The first Kate Adams was launched in 1882 and reached Memphis on December 14th of that year. She was named after the wife of one of her owners, Capt. John D. Adams. She burned on Christmas Eve a year later at Commerce Landing with a loss of 33 lives.

The second Kate was built and slid from her ways on March 15, 1889. For ten years she plied the river carrying passengers and freight. As a gesture of patriotism in the war of 1898 she was renamed the Dewey.

The Kate Adams III was launched at Pittsburgh in 1898, was 240 ft. long and had a 40 ft. beam. She made her maiden trip in the Memphis-Arkansas trade on Thanksgiving Day, 1899. Several years later her run was shortened and she plied between Memphis and Rosedale, Ms. In 1921 the run extended to Arkansas City and then Greenville.

She was used for scenes in the film, "Uncle Tom’s Cabin."

Tradition tells that a youngster in Sunday School being quizzed said that Adam was the first man and Kate Adams the first woman.

A dear lady recalls she along with her brothers and sisters running to the bank of the great Mississippi to the sound of the sweet musical whistle of the Kate Adams. No other boat in the world had a sound like hers. There on the river was the gorgeous Kate Adams, sparkling in the sun a sight to behold. Even on cloudy days it seemed the whitest of white.

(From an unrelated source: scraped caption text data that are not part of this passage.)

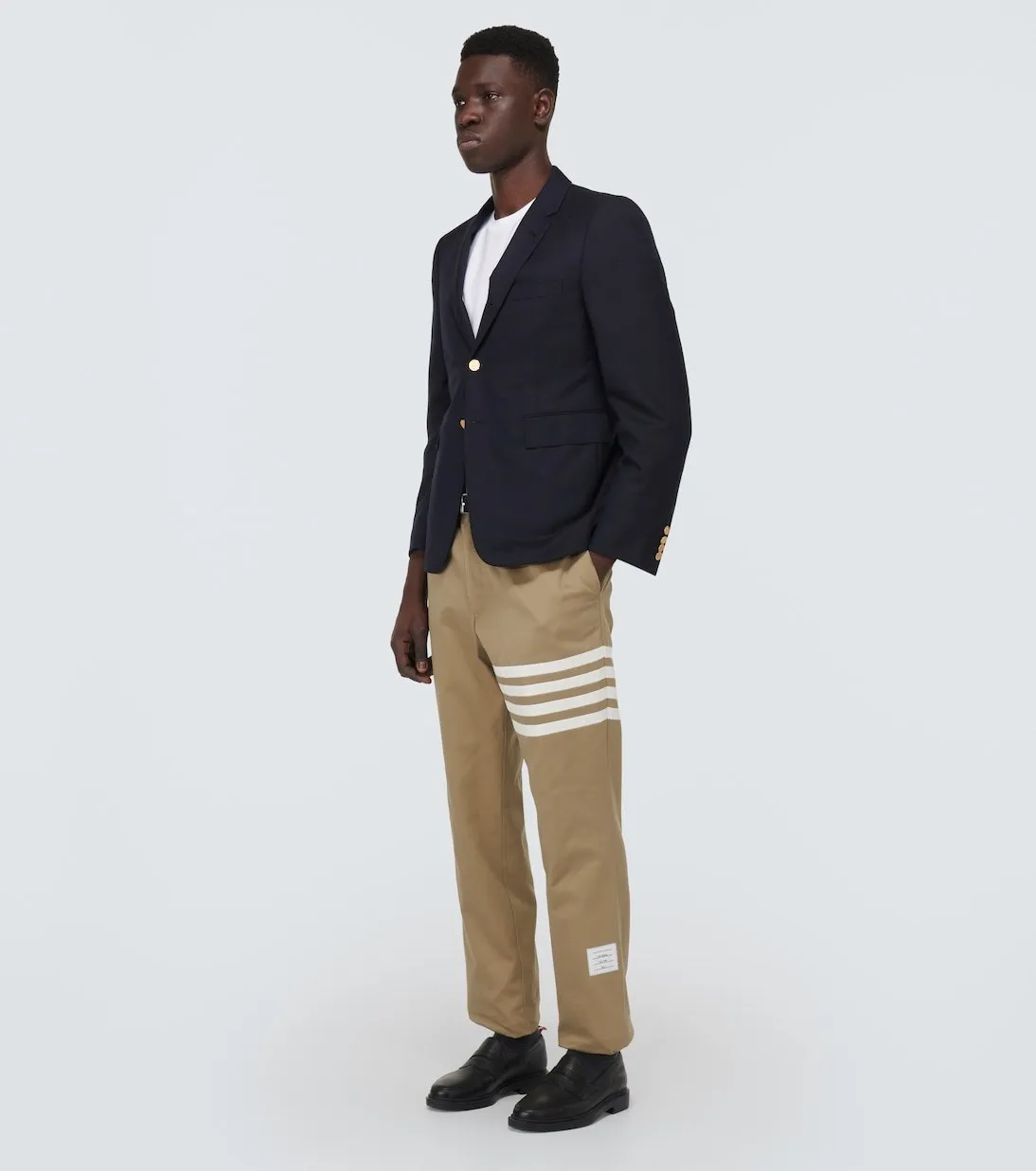 THOM BROWNE  |Crew Neck Unisex Blended Fabrics Street Style Plain Cotton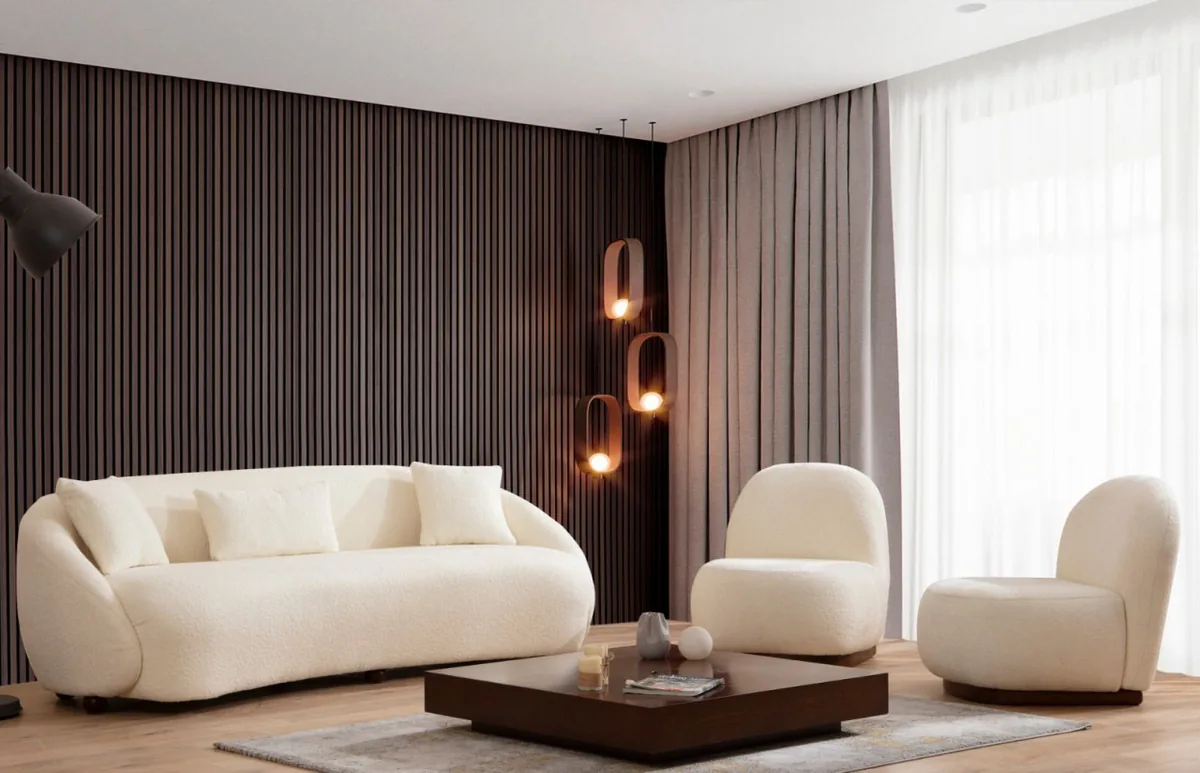 Canapea 3 Locuri Salvador Salia Bej 235x79cm - imagine 2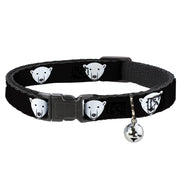 Cat Collar Breakaway - Polar Bear Repeat Black Breakaway Cat Collars Buckle-Down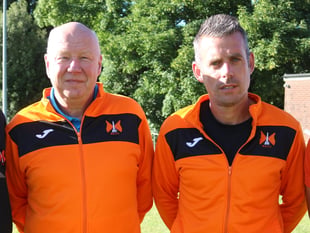 Management trio club Wellington ,Nick Buttle, Adam Watson, football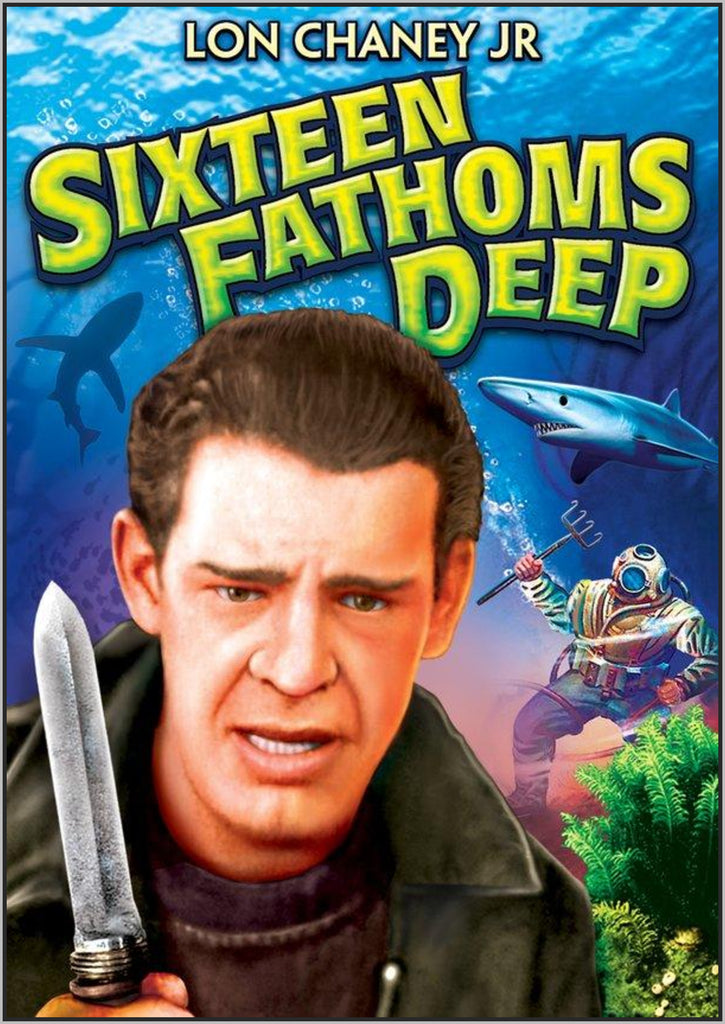 SIXTEEN FATHOMS DEEP - 1934 - SALLY O' NEIL - RARE DVD
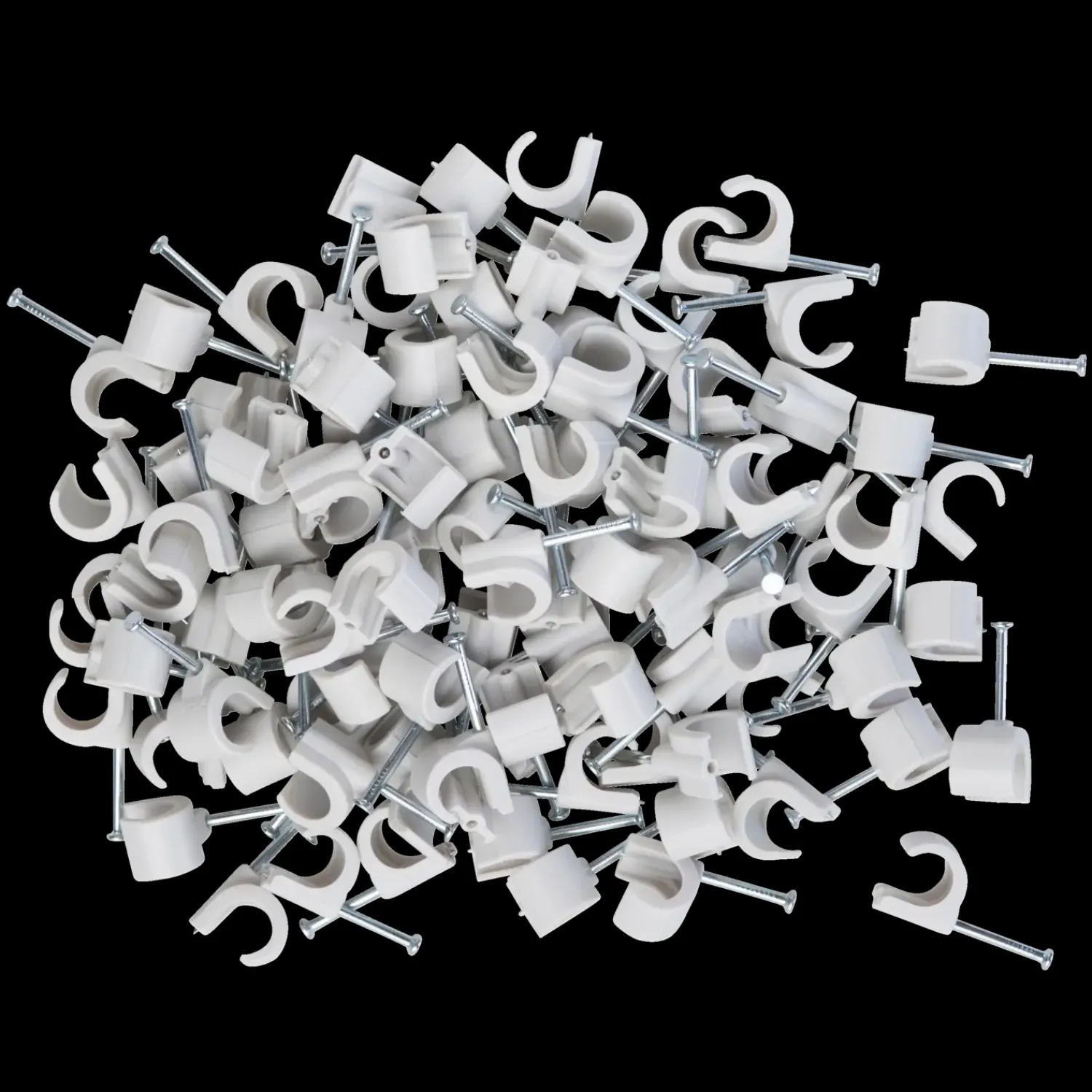 New E-Line ledningsclips R 7-10 mm 100 stk grå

There on the bank they stood, spellbound, watching the beautiful steamboat ease down the river like a graceful swan.

Credit: ~ Marion Sue Thompson.
Artist: ~ Marion Sue Bradford Thompson (1926-2007) was one of only two females known to be a steamboat artist.

Dave Thomson:

"The old cotton packet Kate Adams of Memphis was brought to the Upper Ohio in 1926 to try and get her share of the packet business that was running between Pittsburgh and Cincinnati. Her stay in Pittsburgh was short as she returned to Memphis in the fall of 1926 to take part in the filming of Uncle Tom's Cabin."

Notes by Michael Blaser:

The Steamer KATE ADAMS was affectionately known as "Lovin’ Kate." Her steel hull was no match for the tiny boll weevil that destroyed the cotton trade and a way of life on the Lower Mississippi. In 1926, her owners brought her up to the Marine Ways at Paducah, KY, and had her cotton guards covered over. They intended for her to compete in the freight and passenger business along the Ohio River. Her large size and fuel consumption made her lose money, and she was laid up along the Memphis levee, where she burned later that year. Her whistle was dug out of the Memphis mud. You will find this wonderful essay, written by Capt. Frederick Way Jr., about the whistle’s disposition. It is well-worth the read: "All of which is a long story and inadequate to those who remember the tremor of her decks and the deep hoot of her bull frog whistle, which could be heard for 30 miles back in the Mississippi Delta. Some years later, Capt. Dick Heirnaux brought out the towboat LEONA with a large single-chime whistle said to have come from the KATE, said to have been dug from the mud at Memphis. I doubted this. One day on the Cincinnati Wharfboat, an aged roustabout was half asleep on a freight pile and I was standing nearby. Unexpectedly the Leona blew a blast of that whistle while coming under the suspension bridge. Quite as unexpectedly I witnessed that old man awake and raise his head like a hound dog which has heard a wolf call on a still moonlit night. As the vibrant deep note died away in the echoes, this old man cried plaintively: "COTTON PILE—COTTON PILE! DAT’S DE OL’ KATE MOANING FOR COTTON, GOD BLESS DE KATE ADAMS." He shuffled to the doorway to look, half expecting to see two tall stacks, two swinging stages, a blue domed pilothouse, and Capt. Billy Hodge at the wheel. I walked the other direction a believer."